Certamente quello che facciamo non ha ancora la dimensione perfetta dell’unità, tuttavia, accettandone la dinamica, facciamo quotidianamente l’esperienza di rialzarci ad ogni sbaglio e di far scoppiare la festa tra noi. È questa un’espressione che usiamo sovente, perché dice lo stupore che ci ritroviamo dentro come dono assolutamente gratuito ogni qual volta ravviviamo l’unità tra noi.

Gli altri vedono...

Più volte a chi, soprattutto fuori diocesi, mi chiedeva quale lavoro svolgo come sacerdote, il nostro vescovo, anticipandomi nella risposta, interveniva dicendo che il mio primo compito è stare con don Gianni. In una cena con un gruppo di parrocchiani egli esprimeva la sua gioia per la nostra esperienza: «È la prima volta che vedo dei sacerdoti risolvere loro stessi la situazione di un confratello malato facendosene carico, prendendo loro l’iniziativa».

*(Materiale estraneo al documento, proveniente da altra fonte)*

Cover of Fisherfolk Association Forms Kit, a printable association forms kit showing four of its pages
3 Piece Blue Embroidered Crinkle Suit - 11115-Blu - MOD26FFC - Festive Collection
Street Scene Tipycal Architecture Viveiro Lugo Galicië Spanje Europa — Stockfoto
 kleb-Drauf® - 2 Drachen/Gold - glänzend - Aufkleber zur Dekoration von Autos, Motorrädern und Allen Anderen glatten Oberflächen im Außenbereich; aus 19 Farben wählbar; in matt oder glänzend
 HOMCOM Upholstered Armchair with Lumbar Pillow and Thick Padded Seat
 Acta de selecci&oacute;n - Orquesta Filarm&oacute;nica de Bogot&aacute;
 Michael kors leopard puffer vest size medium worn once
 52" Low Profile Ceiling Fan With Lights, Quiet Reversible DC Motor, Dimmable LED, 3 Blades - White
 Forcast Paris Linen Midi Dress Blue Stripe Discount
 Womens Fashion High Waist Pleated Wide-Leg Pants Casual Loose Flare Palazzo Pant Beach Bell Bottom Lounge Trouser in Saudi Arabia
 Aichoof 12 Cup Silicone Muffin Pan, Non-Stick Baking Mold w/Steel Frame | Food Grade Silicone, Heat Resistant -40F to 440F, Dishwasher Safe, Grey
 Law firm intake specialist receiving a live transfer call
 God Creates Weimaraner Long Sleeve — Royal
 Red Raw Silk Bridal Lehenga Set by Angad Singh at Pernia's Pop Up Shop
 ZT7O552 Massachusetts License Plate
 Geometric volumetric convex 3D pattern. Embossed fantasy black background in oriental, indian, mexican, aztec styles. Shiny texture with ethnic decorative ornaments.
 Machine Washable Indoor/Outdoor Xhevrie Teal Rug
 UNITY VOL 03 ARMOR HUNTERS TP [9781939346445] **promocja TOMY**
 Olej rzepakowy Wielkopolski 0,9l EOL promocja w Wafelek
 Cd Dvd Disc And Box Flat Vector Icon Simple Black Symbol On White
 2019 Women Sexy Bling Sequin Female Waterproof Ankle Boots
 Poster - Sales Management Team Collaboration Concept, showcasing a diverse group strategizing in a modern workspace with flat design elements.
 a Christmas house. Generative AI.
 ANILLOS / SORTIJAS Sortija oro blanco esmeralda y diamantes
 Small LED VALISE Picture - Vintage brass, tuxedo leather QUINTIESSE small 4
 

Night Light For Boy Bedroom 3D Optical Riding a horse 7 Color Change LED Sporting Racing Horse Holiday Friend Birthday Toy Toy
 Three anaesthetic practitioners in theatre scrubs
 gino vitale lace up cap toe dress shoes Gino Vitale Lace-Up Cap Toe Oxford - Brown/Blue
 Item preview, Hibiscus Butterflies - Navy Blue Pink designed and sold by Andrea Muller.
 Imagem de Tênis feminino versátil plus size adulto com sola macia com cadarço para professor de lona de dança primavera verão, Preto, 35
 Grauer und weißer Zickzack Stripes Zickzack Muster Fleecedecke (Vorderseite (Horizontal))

È stato tra noi anche un vescovo polacco, mons. Chrapek, venuto a Cuneo per partecipare al convegno «Cristianesimo ed Europa». A chi l’aveva accolto all’aeroporto e accompagnato in città esprimeva che il suo intento principale come vescovo era quello di creare la comunione e la solidarietà tra i sacerdoti. Era stato consacrato vescovo da pochi mesi e nel suo girare per il mondo quale esperto in giornalismo aveva incontrato tra i preti troppe situazioni di solitudine.

Terminato il convegno è stato un giorno intero nella nostra casa. Quando lo abbiamo accompagnato all’aeroporto, è tornato più volte su questa giornata trascorsa con noi, dicendo tra l’altro: «Sono stato tanto tempo in Italia, studiando a Milano e poi a Roma, ma non ho mai trovato una tale fraternità tra sacerdoti». E sempre rifacendosi alla nostra convivenza, ha commentato: «La cosa più bella è che dei preti si prendano a cuore i loro fratelli». Era visibilmente commosso di quanto aveva vissuto in quei giorni.

Essere insieme è una ricerca che ci porta oltre noi stessi, verso Dio e verso i fratelli. Una meta che su questa terra non raggiungeremo mai pienamente, ma a cui possiamo sempre avvicinarci. E in questo cammino Dio si svela a noi molto vicino, anzi compenetra tutta la nostra vita.

Anche questa testimonianza allora non può essere che un grazie a Lui e anche a chi ci ha aperto questa strada di luce.